*Problem to work on*: Copy the data that follows exactly. Include no pictures.

═════ Records supplied

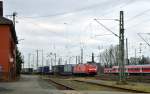 br-152-es-64/405109/152-081-6-durchfuhr-mit-einem-gueterzug 152 081-6 durchfuhr mit einem Güterzug den Hauptbahnhof von Darmstadt am 04.02.2015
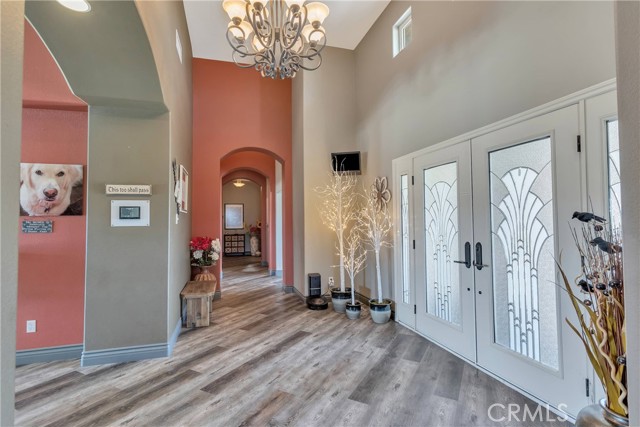 Detail Gallery Image 17 of 75 For 12443 Wild Rose Dr, Oak Hills,  CA 92344 - 5 Beds | 3/1 Baths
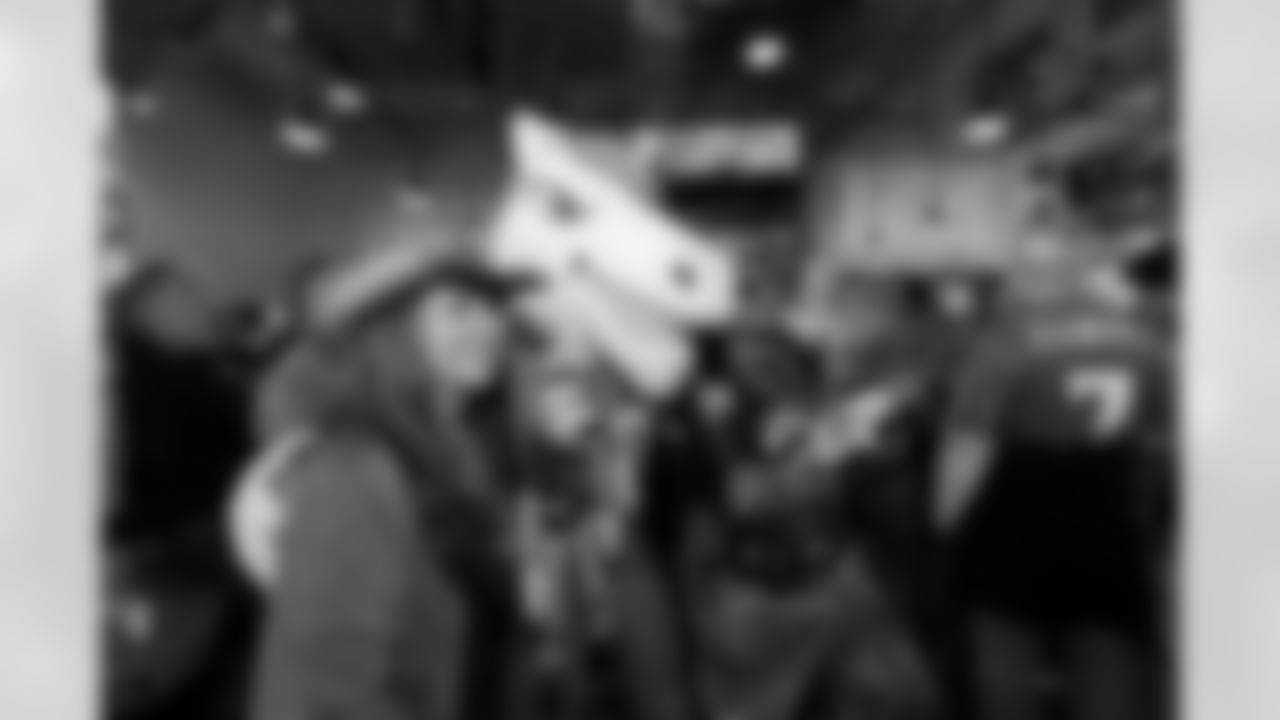 Miles the Mascot during a fan rally on Saturday, November 29, 2025 at Solace Outpost in Washington DC, District of Columbia.
Photo by Gabriel Christus / Denver Broncos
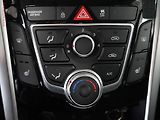 Hyundai i30 (2013) 1.6i, ČR, AC, výhřev sed - náhled 15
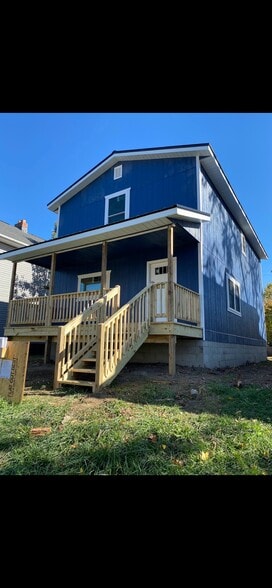 Building Photo - 350 S Ogden Ave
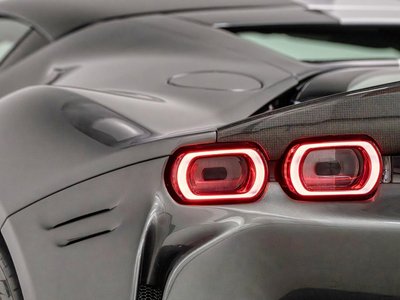 2022 Ferrari SF90 STRADALE thumbnail 24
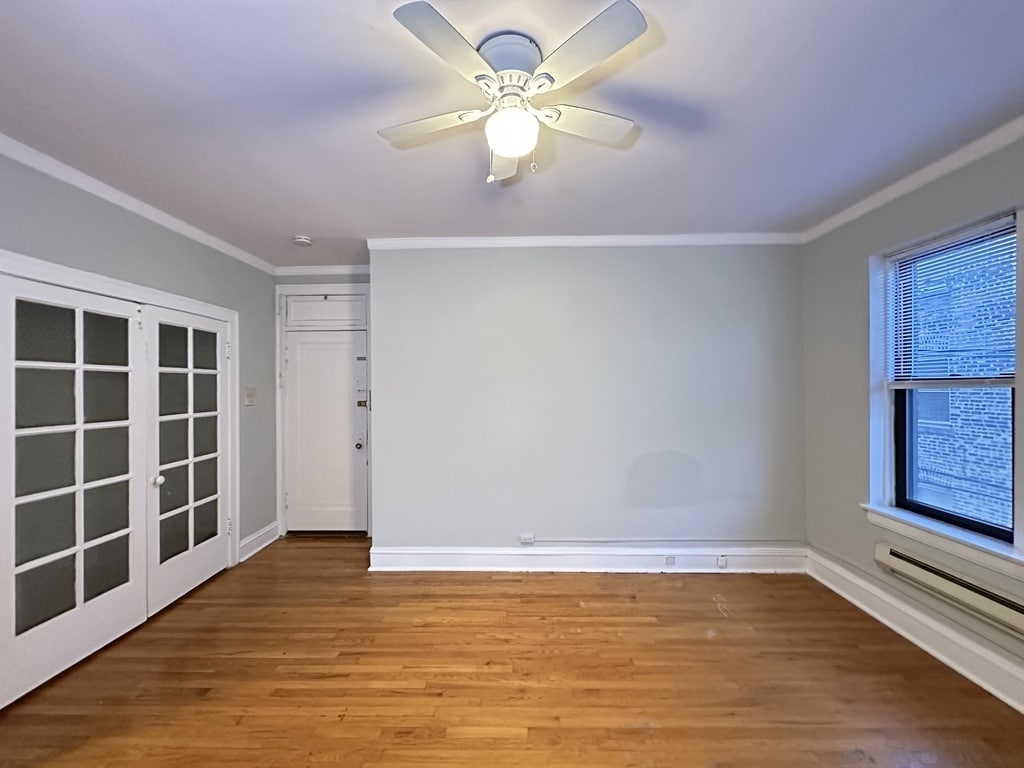 Building Photo - 4632 N Paulina St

══════════

*Result of the task*:
 br-152-es-64/405109/152-081-6-durchfuhr-mit-einem-gueterzug 152 081-6 durchfuhr mit einem Güterzug den Hauptbahnhof von Darmstadt am 04.02.2015
 Detail Gallery Image 17 of 75 For 12443 Wild Rose Dr, Oak Hills,  CA 92344 - 5 Beds | 3/1 Baths
 Miles the Mascot during a fan rally on Saturday, November 29, 2025 at Solace Outpost in Washington DC, District of Columbia.
Photo by Gabriel Christus / Denver Broncos
 Hyundai i30 (2013) 1.6i, ČR, AC, výhřev sed - náhled 15
 Building Photo - 350 S Ogden Ave
 2022 Ferrari SF90 STRADALE thumbnail 24
 Building Photo - 4632 N Paulina St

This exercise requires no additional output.